** Work task **
Give only the number of lines in these records that include "Street".

** Data in this exercise **
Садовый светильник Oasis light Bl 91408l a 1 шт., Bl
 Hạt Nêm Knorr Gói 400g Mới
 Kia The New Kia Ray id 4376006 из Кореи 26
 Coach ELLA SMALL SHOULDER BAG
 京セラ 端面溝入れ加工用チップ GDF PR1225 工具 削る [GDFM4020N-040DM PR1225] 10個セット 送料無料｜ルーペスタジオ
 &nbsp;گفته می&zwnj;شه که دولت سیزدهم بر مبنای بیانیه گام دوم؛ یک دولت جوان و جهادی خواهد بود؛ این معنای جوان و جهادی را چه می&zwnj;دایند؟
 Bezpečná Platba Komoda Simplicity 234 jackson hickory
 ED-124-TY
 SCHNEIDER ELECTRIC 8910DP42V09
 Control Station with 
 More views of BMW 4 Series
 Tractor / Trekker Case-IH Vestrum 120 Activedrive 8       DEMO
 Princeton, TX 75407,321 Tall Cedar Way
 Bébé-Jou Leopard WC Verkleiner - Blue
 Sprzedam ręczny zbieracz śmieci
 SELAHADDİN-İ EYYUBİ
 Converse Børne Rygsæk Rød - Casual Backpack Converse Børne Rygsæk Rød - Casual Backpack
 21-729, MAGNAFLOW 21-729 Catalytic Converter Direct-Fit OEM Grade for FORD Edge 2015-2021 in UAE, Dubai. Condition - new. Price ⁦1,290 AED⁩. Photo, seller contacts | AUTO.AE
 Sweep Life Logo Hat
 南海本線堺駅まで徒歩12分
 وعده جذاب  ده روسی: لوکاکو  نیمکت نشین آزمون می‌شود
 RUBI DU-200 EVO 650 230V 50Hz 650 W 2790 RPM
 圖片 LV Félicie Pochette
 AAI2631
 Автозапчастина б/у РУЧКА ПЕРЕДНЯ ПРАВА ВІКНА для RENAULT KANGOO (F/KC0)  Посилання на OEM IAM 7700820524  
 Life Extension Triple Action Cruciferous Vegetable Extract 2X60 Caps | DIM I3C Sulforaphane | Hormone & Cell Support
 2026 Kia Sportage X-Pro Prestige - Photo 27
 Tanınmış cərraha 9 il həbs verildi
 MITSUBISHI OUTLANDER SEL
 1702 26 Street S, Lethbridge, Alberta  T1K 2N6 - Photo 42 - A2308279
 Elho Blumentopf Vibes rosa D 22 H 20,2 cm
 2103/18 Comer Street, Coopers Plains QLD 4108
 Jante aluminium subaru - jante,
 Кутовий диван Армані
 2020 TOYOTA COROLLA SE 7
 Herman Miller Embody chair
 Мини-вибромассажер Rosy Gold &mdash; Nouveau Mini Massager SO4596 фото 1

** Result of this task **
2